7. Nymburk, Çek milli takımının önemli kozlarından Benda, Hruban ve Pumprla’ya sahip; fakat Lawrence ve Ray gibi atletik silahlar ve topa yön vermesi beklenen isimler tutarlı oynamadıkça, Çek asıllı oyuncuların bireysel skor silahı görevi görmesi çok zor. Hele bir de Diggs gibi bir bitirici eğer formsuzsa, o vakit galibiyet şansları, mucizelere kalır ve 80’li, 100’lü sayılar bir hayal olur. Kadromuzun kaliteli kumaşı, savunmada iyi bir gün geçirmese bile, rakibiyle arasındaki seviye farkını net bir biçimde ortaya koydu. Zaten böylesi maçlarda birkaç kritik pozisyon doğru oynanınca, kötü giden bir müsabaka bile lehe çevrilebilir. Bu da, kazanmayı bilme kültürünün ispatıdır.

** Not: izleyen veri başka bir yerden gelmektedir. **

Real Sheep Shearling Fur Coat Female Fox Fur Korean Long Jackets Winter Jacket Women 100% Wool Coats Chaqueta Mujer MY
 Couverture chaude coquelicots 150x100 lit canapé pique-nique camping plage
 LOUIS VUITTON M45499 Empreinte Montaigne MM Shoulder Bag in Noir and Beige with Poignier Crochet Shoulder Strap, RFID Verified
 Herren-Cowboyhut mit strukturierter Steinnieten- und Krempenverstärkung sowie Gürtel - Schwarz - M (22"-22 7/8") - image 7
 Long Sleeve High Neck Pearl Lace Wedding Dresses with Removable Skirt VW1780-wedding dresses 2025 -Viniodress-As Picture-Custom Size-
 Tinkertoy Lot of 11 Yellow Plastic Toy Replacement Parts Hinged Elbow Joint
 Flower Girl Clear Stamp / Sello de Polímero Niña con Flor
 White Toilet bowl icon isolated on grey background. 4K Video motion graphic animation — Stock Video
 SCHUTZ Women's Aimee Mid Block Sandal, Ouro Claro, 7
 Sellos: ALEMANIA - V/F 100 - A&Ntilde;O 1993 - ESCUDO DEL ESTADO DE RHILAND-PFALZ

8. Skorda işler zora girince isolation üzerinden istikrarlı skor üretebilecek tek oyuncumuz, yani Boatwright, sakatlıktan henüz dönemedi. Onun yokluğunda Diebler ve Can'a daha büyük görev düşecektir. Veya Semih'in gelişiyle topu boyalı alana daha fazla indirerek hücum yelpazesi genişletilebilir.
9. Lise takımının salonlarına benzeyen bir sahaya sahip Nymburk, böylesi ufak bir seyirci desteğiyle bile önemli kozlar yakalıyor. Fakat 200-300 kişilik salonda 20-30 kişilik bir Beşiktaş taraftar kafilesi, maç boyunca hiç durmadan takımı destekledi ve deplasman dezavantajının kolay atlatılmasını sağladılar. Alkışlar, önce seyircilerimize gelsin.
Takımımızı bu turnusol kağıdı misali maçtaki zaferinden ötürü tebrik eder; koç Ufuk Sarıca’ya, yeni yapılanmadaki kimlik arayışında başarılar dilerim.